Storge was a common word for love for Greeks. It may be the most frequently used word. It referred to the love between a parent and a child, especially between a mother and a child.

Then they had a different word for the love between really good friends. They used the word Phileo. It’s a word which expressed the depths of their friendship, care and compassion.

The Greeks had another word for a very strong passionate love: Eros. Eros means someone is drawn to another person sexually. This is where we get our word erotic. It’s the love between a husband and wife.

Then there’s the 4th major type of love. That’s Agape love.

Interestingly, this word was not used very much and was even lesser used in ancient Greek literature.

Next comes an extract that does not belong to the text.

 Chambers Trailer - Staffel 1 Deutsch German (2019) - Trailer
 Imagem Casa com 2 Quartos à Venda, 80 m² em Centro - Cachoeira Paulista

There’s really a huge difference in these types of love. Agape is not centered in the relationship to the other person or their attractiveness. Agape is centered on the person who does the loving.

Agape love is more than a feeling oriented love. When the Greeks used the word they talked especially about action, doing something that is for the benefit of another person.

In storge, phileo and eros - we gain something from that relationship. But agape love is different.

Agape is rooted in the person who is doing the loving. Agape love is great to receive. And it is supernatural to give. It’s great to receive because everyone loves to be loved. We may not all admit it, but I believe there’s a universal desire to be loved by all people.

Some want to be hugged. Others are glad to be touched. Others want to be known, to be thought of as important. We want it to matter whether we come in late or don't come home at all. We want to have someone who will believe in us. The problem with all of these things is that we have been made to believe that so much is dependent upon our desirability.

If we look good, if we have the right look, if we conform to societies norms, maybe we’ll have friends who want to be with us. Some are seeking their parents love if they meet their expectations. They hope to find love by being a workaholic.

But wouldn't it be great to just to be loved because you are you!? You don’t have to look good. You could be a mess. You don’t have to be politically correct. You don’t have to live in certain places. You don’t have to have a certain amount of money. You can be whatever size you are. You don’t need power and prestige. You don’t need any of that in order to be loved.

Wouldn't it be great just to be loved for being you? Even if someone knew everything about me? Even when I make strange comments or sounds. Wouldn't it be great to just be loved "as is?"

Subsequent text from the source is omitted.